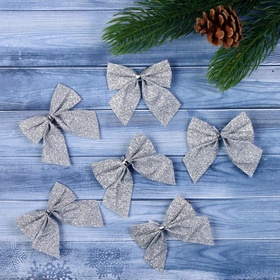 Ёлочные игрушки 12 шт. «Зимнее волшебство. Бантик - блеск» пластик, 4.5?5.5 см, серебро (комплект 2 шт)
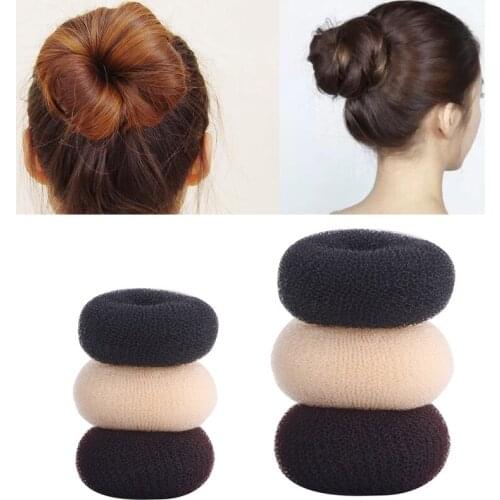 Black/Brown/Ivory 1PC Elegant Women Ladies Girls Shaper Donut Hairbands Bun Fashion Hair Styling Tool Accessories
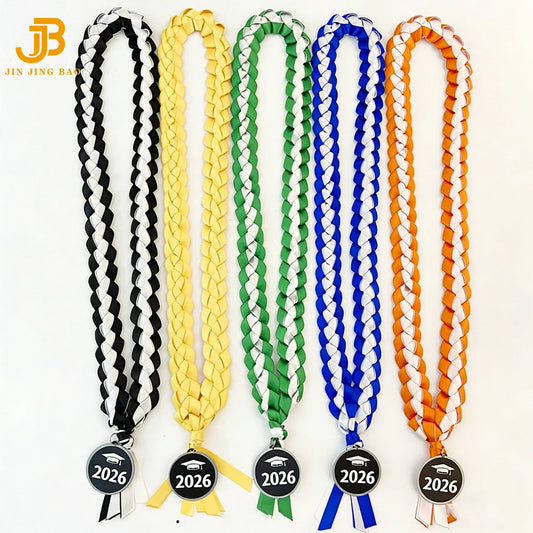 120cm Double Braided Necklace 4 Ribbon Weaving Wreath Collar Gift Rope Honor Ribbon Graduation Ribbon Lei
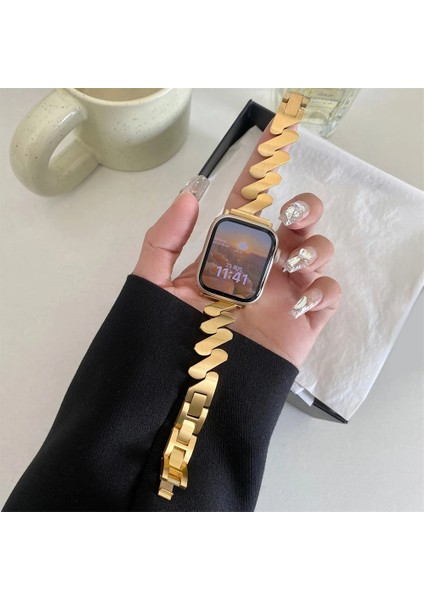 Apple Watch Seri SE/10/9/8/7/6/5/4/3 ile Uyumlu 42MM-41MM-40MM-38MM Infinity Link Zigzag Metal Kordon Gold indirimleri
★ ★ ★ ★ ★
*TASK REQUIREMENTS*
No pictures belong in the copy. Retype exactly, and only, the lines from the line containing "120cm Double Braided" through the last line of the data, both included.

*ANSWER AREA*
 120cm Double Braided Necklace 4 Ribbon Weaving Wreath Collar Gift Rope Honor Ribbon Graduation Ribbon Lei
 Apple Watch Seri SE/10/9/8/7/6/5/4/3 ile Uyumlu 42MM-41MM-40MM-38MM Infinity Link Zigzag Metal Kordon Gold indirimleri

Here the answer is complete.